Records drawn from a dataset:
——

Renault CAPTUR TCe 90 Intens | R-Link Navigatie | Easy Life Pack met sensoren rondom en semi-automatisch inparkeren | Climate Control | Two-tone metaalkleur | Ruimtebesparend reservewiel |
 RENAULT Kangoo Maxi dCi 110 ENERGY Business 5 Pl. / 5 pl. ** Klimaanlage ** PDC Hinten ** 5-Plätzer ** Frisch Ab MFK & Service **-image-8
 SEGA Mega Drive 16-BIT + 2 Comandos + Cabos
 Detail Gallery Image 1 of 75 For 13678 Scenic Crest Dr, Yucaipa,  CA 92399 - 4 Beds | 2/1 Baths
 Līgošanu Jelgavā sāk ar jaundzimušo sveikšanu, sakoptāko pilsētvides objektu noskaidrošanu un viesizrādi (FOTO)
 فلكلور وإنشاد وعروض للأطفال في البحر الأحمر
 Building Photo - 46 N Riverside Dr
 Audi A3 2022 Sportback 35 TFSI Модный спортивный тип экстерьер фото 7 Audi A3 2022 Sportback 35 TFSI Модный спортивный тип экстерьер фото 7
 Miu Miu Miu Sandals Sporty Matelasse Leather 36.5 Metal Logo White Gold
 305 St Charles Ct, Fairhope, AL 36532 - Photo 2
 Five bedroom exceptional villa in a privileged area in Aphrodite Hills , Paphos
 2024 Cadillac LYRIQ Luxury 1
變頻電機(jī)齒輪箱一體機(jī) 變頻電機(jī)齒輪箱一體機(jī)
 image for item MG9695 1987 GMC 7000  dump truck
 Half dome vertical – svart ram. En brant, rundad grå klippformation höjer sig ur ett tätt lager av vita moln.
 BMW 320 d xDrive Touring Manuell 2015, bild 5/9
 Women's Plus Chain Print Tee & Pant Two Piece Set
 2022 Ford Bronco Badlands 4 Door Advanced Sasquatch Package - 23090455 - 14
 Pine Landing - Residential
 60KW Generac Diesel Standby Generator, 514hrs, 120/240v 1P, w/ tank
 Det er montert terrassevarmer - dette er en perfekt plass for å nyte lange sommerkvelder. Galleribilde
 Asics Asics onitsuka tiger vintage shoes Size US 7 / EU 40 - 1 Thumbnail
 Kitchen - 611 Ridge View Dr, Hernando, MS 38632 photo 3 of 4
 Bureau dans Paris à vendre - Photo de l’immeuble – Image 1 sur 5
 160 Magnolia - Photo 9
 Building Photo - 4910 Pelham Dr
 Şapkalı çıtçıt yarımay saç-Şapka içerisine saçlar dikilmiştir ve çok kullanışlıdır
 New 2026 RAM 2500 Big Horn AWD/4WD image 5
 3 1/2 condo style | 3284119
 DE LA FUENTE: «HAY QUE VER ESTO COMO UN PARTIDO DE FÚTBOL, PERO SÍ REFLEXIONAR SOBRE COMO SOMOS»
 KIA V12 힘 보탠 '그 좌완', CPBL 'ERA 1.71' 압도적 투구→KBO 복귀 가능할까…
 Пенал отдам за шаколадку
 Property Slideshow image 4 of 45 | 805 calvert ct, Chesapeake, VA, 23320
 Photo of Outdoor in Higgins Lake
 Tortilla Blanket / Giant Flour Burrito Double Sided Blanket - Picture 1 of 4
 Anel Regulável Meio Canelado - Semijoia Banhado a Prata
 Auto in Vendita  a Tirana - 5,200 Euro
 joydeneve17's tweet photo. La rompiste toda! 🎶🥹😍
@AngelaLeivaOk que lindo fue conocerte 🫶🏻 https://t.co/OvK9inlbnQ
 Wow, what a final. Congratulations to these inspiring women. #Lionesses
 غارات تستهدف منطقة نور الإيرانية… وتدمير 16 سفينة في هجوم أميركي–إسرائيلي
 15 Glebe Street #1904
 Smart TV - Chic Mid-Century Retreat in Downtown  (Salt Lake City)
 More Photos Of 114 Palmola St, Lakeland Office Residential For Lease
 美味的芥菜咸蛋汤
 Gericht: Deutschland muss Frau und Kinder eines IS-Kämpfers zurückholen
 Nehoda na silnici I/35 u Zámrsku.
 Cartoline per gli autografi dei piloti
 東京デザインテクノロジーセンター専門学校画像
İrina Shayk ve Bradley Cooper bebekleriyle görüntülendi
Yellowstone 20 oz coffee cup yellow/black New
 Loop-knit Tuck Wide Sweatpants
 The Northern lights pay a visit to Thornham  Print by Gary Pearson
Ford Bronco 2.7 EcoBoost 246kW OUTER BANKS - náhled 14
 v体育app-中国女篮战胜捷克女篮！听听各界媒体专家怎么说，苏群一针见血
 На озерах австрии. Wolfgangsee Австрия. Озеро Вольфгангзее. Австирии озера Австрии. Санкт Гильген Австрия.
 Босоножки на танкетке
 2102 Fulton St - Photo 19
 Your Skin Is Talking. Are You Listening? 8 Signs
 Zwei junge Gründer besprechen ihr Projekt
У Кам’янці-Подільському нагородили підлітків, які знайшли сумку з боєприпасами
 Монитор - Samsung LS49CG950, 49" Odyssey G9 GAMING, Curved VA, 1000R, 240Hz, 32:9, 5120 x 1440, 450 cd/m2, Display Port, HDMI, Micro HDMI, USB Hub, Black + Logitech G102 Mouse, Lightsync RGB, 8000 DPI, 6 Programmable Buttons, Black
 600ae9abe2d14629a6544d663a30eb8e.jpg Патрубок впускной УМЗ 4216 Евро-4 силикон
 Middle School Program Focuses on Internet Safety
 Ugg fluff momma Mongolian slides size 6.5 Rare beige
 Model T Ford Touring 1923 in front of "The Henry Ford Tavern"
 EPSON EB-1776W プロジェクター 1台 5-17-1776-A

——

_What to do_.
What is needed is an exact repetition of all the entries above.

_Answer to this exercise_.
Renault CAPTUR TCe 90 Intens | R-Link Navigatie | Easy Life Pack met sensoren rondom en semi-automatisch inparkeren | Climate Control | Two-tone metaalkleur | Ruimtebesparend reservewiel |
 RENAULT Kangoo Maxi dCi 110 ENERGY Business 5 Pl. / 5 pl. ** Klimaanlage ** PDC Hinten ** 5-Plätzer ** Frisch Ab MFK & Service **-image-8
 SEGA Mega Drive 16-BIT + 2 Comandos + Cabos
 Detail Gallery Image 1 of 75 For 13678 Scenic Crest Dr, Yucaipa,  CA 92399 - 4 Beds | 2/1 Baths
 Līgošanu Jelgavā sāk ar jaundzimušo sveikšanu, sakoptāko pilsētvides objektu noskaidrošanu un viesizrādi (FOTO)
 فلكلور وإنشاد وعروض للأطفال في البحر الأحمر
 Building Photo - 46 N Riverside Dr
 Audi A3 2022 Sportback 35 TFSI Модный спортивный тип экстерьер фото 7 Audi A3 2022 Sportback 35 TFSI Модный спортивный тип экстерьер фото 7
 Miu Miu Miu Sandals Sporty Matelasse Leather 36.5 Metal Logo White Gold
 305 St Charles Ct, Fairhope, AL 36532 - Photo 2
 Five bedroom exceptional villa in a privileged area in Aphrodite Hills , Paphos
 2024 Cadillac LYRIQ Luxury 1
變頻電機(jī)齒輪箱一體機(jī) 變頻電機(jī)齒輪箱一體機(jī)
 image for item MG9695 1987 GMC 7000  dump truck
 Half dome vertical – svart ram. En brant, rundad grå klippformation höjer sig ur ett tätt lager av vita moln.
 BMW 320 d xDrive Touring Manuell 2015, bild 5/9
 Women's Plus Chain Print Tee & Pant Two Piece Set
 2022 Ford Bronco Badlands 4 Door Advanced Sasquatch Package - 23090455 - 14
 Pine Landing - Residential
 60KW Generac Diesel Standby Generator, 514hrs, 120/240v 1P, w/ tank
 Det er montert terrassevarmer - dette er en perfekt plass for å nyte lange sommerkvelder. Galleribilde
 Asics Asics onitsuka tiger vintage shoes Size US 7 / EU 40 - 1 Thumbnail
 Kitchen - 611 Ridge View Dr, Hernando, MS 38632 photo 3 of 4
 Bureau dans Paris à vendre - Photo de l’immeuble – Image 1 sur 5
 160 Magnolia - Photo 9
 Building Photo - 4910 Pelham Dr
 Şapkalı çıtçıt yarımay saç-Şapka içerisine saçlar dikilmiştir ve çok kullanışlıdır
 New 2026 RAM 2500 Big Horn AWD/4WD image 5
 3 1/2 condo style | 3284119
 DE LA FUENTE: «HAY QUE VER ESTO COMO UN PARTIDO DE FÚTBOL, PERO SÍ REFLEXIONAR SOBRE COMO SOMOS»
 KIA V12 힘 보탠 '그 좌완', CPBL 'ERA 1.71' 압도적 투구→KBO 복귀 가능할까…
 Пенал отдам за шаколадку
 Property Slideshow image 4 of 45 | 805 calvert ct, Chesapeake, VA, 23320
 Photo of Outdoor in Higgins Lake
 Tortilla Blanket / Giant Flour Burrito Double Sided Blanket - Picture 1 of 4
 Anel Regulável Meio Canelado - Semijoia Banhado a Prata
 Auto in Vendita  a Tirana - 5,200 Euro
 joydeneve17's tweet photo. La rompiste toda! 🎶🥹😍
@AngelaLeivaOk que lindo fue conocerte 🫶🏻 https://t.co/OvK9inlbnQ
 Wow, what a final. Congratulations to these inspiring women. #Lionesses
 غارات تستهدف منطقة نور الإيرانية… وتدمير 16 سفينة في هجوم أميركي–إسرائيلي
 15 Glebe Street #1904
 Smart TV - Chic Mid-Century Retreat in Downtown  (Salt Lake City)
 More Photos Of 114 Palmola St, Lakeland Office Residential For Lease
 美味的芥菜咸蛋汤
 Gericht: Deutschland muss Frau und Kinder eines IS-Kämpfers zurückholen
 Nehoda na silnici I/35 u Zámrsku.
 Cartoline per gli autografi dei piloti
 東京デザインテクノロジーセンター専門学校画像
İrina Shayk ve Bradley Cooper bebekleriyle görüntülendi
Yellowstone 20 oz coffee cup yellow/black New
 Loop-knit Tuck Wide Sweatpants
 The Northern lights pay a visit to Thornham  Print by Gary Pearson
Ford Bronco 2.7 EcoBoost 246kW OUTER BANKS - náhled 14
 v体育app-中国女篮战胜捷克女篮！听听各界媒体专家怎么说，苏群一针见血
 На озерах австрии. Wolfgangsee Австрия. Озеро Вольфгангзее. Австирии озера Австрии. Санкт Гильген Австрия.
 Босоножки на танкетке
 2102 Fulton St - Photo 19
 Your Skin Is Talking. Are You Listening? 8 Signs
 Zwei junge Gründer besprechen ihr Projekt
У Кам’янці-Подільському нагородили підлітків, які знайшли сумку з боєприпасами
 Монитор - Samsung LS49CG950, 49" Odyssey G9 GAMING, Curved VA, 1000R, 240Hz, 32:9, 5120 x 1440, 450 cd/m2, Display Port, HDMI, Micro HDMI, USB Hub, Black + Logitech G102 Mouse, Lightsync RGB, 8000 DPI, 6 Programmable Buttons, Black
 600ae9abe2d14629a6544d663a30eb8e.jpg Патрубок впускной УМЗ 4216 Евро-4 силикон
 Middle School Program Focuses on Internet Safety
 Ugg fluff momma Mongolian slides size 6.5 Rare beige
 Model T Ford Touring 1923 in front of "The Henry Ford Tavern"
 EPSON EB-1776W プロジェクター 1台 5-17-1776-A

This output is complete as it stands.